I have been collecting Mauser 201’s since 2010 and since then I have owned a number of these excellent rifles, (see Mauser 201 section) however in 2013 I felt it was time to broaden my horizons somewhat and expand into some of Mauser's other rimfire designs.
These technical notes are as a result of that decision and describes the various models, production variations and performance criteria that I have identified to date. I am not maybe what some people would call a serious collector. I only collect rifles that I can shoot and restore. Finding a rifle that has a taken a pounding over the years and leaving it in a battered condition, full of rust and debris, fills me with dread.

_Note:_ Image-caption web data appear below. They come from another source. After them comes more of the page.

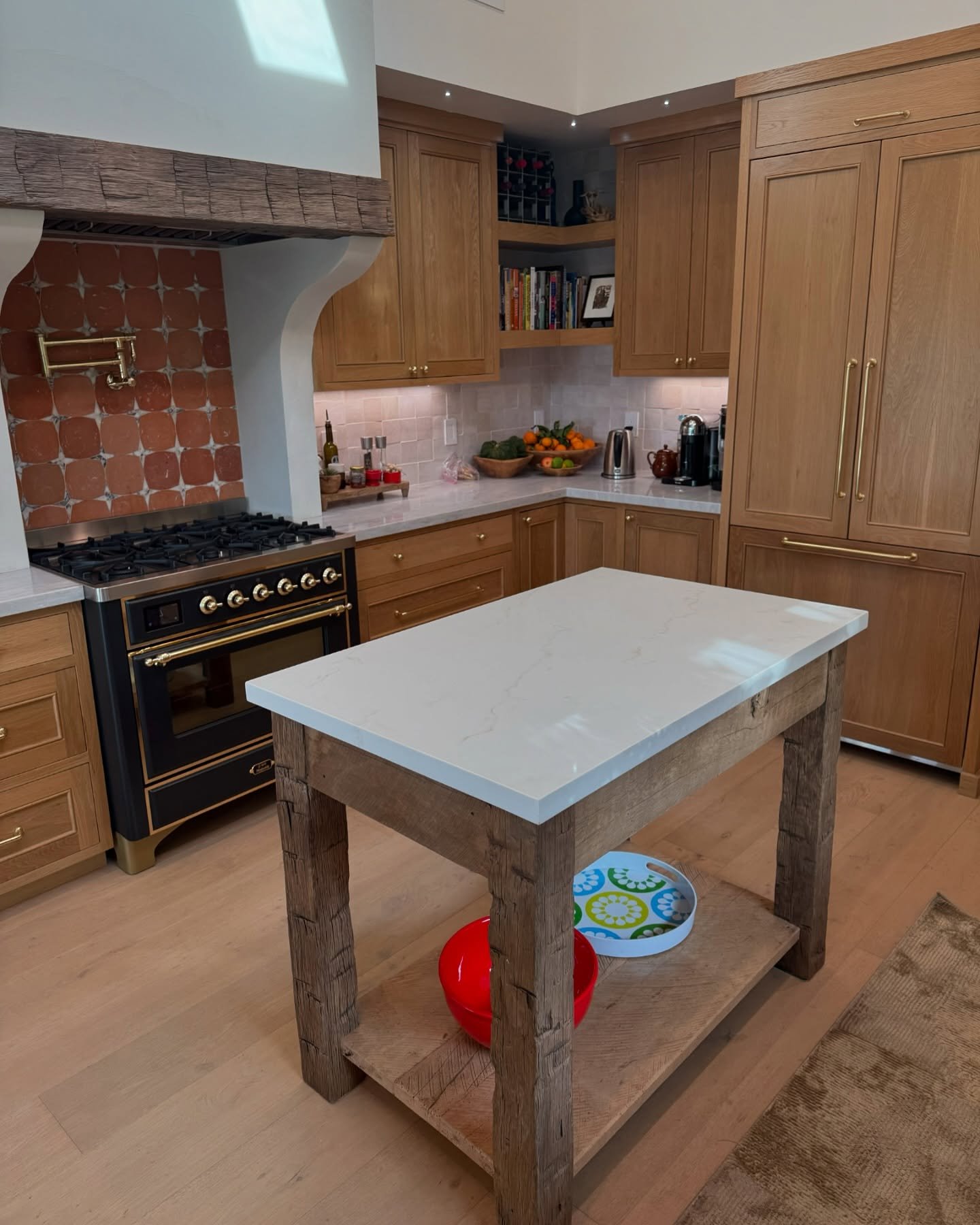 Recognize this kitchen? 🏡✨ Last year, we crafted the hand-hewn hood trim, and now we&rsquo;ve built a custom kitchen island with hand-hewn legs to bring it all together. 
&bull;
&bull;
&bull;
#usreclaimed #kitchenisland #handhewn #reclaimedfurniture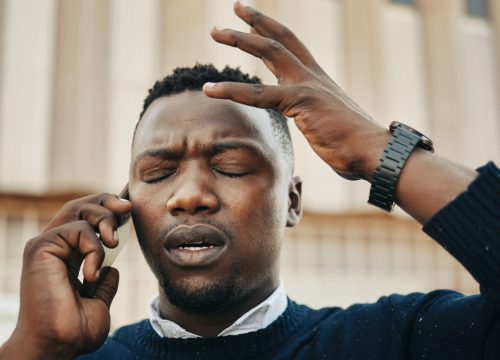Photo of a man on a cell phone dealing with a migraine
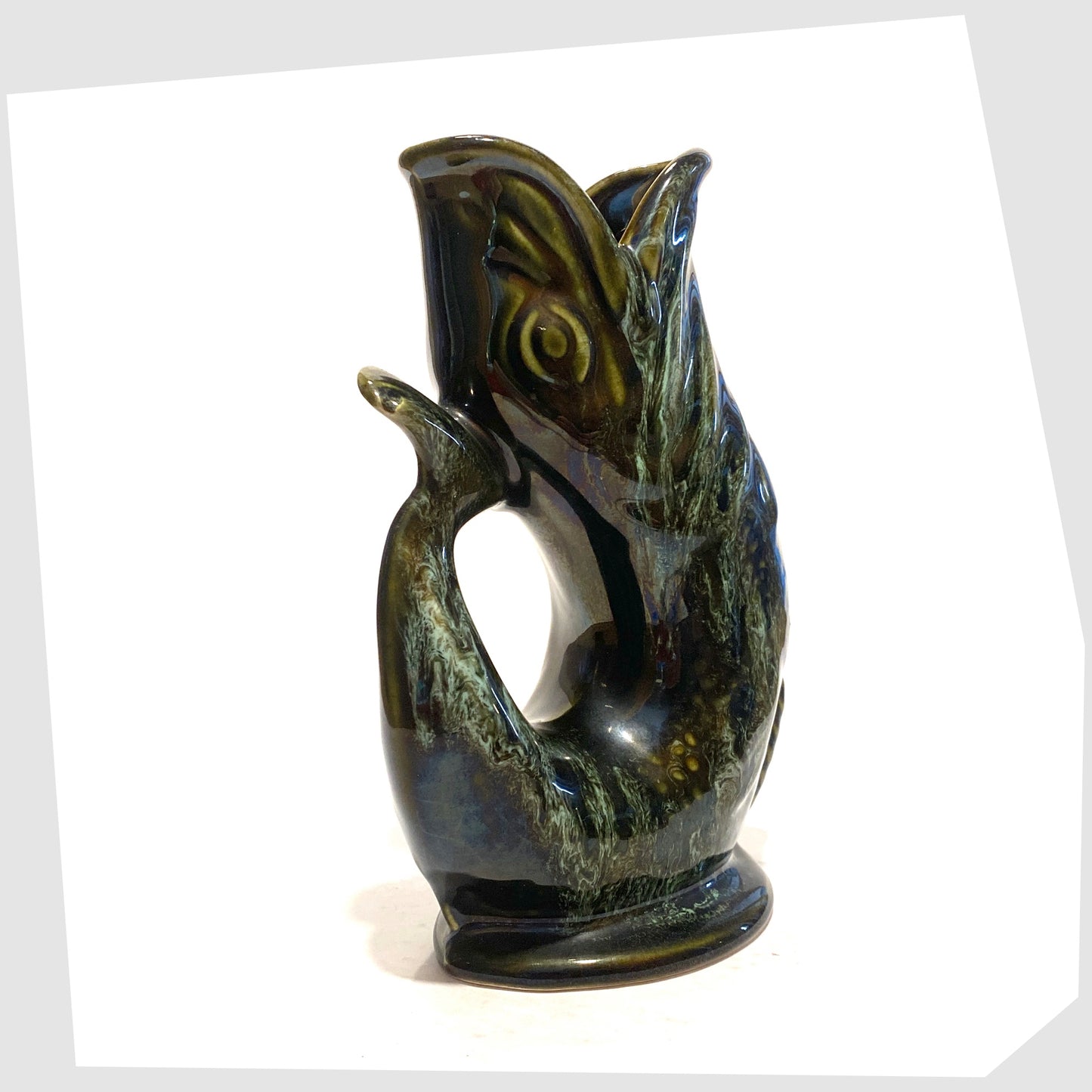tail/handle of the vintage fosters studio pottery gluggle jug in green drip glaze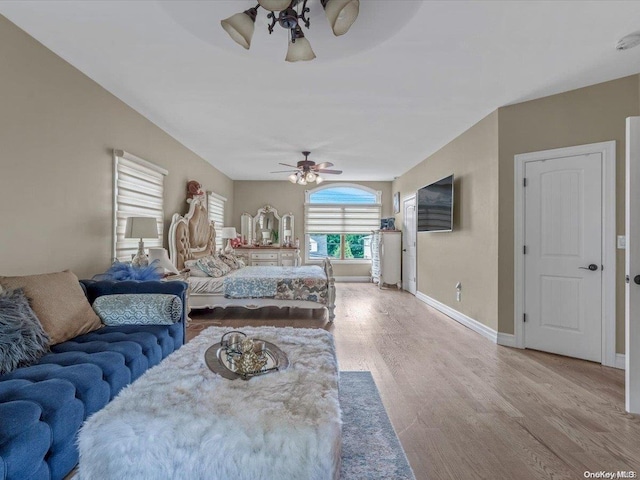 bedroom featuring ceiling fan and light wood-type flooring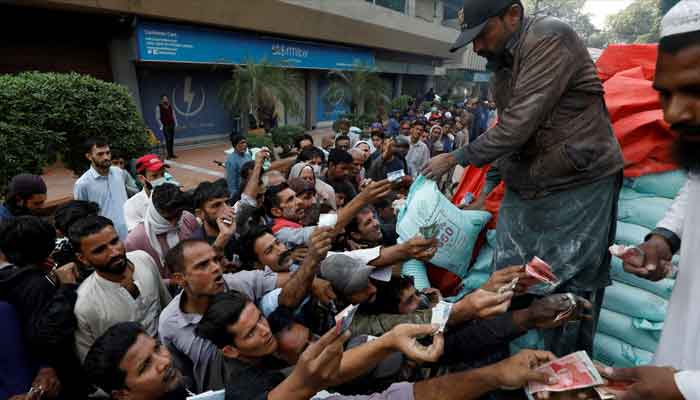 Men reach out to buy subsidised flour sacks from a truck in Karachi, Pakistan January 10, 2023. —Reutres/File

Therefore it must be restored to its original condition retaining as many historical markings as possible and to maximise it operating and safe performance.
The rimfire rifles below represent some eighty years of Mauser manufacturing from the 1930’s up until Mauser discontinued rimfire manufacturing in the 1990’s. Collector Grade Publications produce an excellent publication “Mauser Smallbores, sporting, target & training rifles by Jon Speed for those readers who require more detailed information.
This is the first time I have collected rifles representing a particular manufacturer over a specific time scale (1920 - 1990) and it is interesting to note that you can identify the manufacturers design philosophy over that period and how that philosophy reflects into the market place itself.. The Ms420 was a sophisticated design that was possibly leading edge technology in the 1920’s but by the 1930’s that design had been replaced by a more modest rifle that was equally effective and capable but could be produced in greater volumes and at a fraction of the price. The late 30’s and the war years reflect the politics and military thinking of the period with the production of the military style DSM 34 and later the KKW for training, the high quality rifles of the 30’s now being superseded by rifles whose quality is more suitable for the military. In 1954 the company was reformed but it was not until the 1980’s and with Mausers acquisition of Voere that we see the introduction of the Mauser 105 and 107, which were budget rimfire rifles, targeting the opposite end of the market and and almost a complete reversal of the high quality rifle philosophy from the 1930’s.
In my opinion this was an unwise decision as it took Mauser into the mass markets which I believe it was unsuitable for and therefore was unable to compete successfully against the mass manufacturers such as CZ and Ruger. The introduction of the Mauser 201 was a return to the high quality rifles of the 1930’s, however it may have been “to little, too late” as Mauser left the rimfire market with the Mauser 201 and now focus’s on high end, high quality full bore rifles.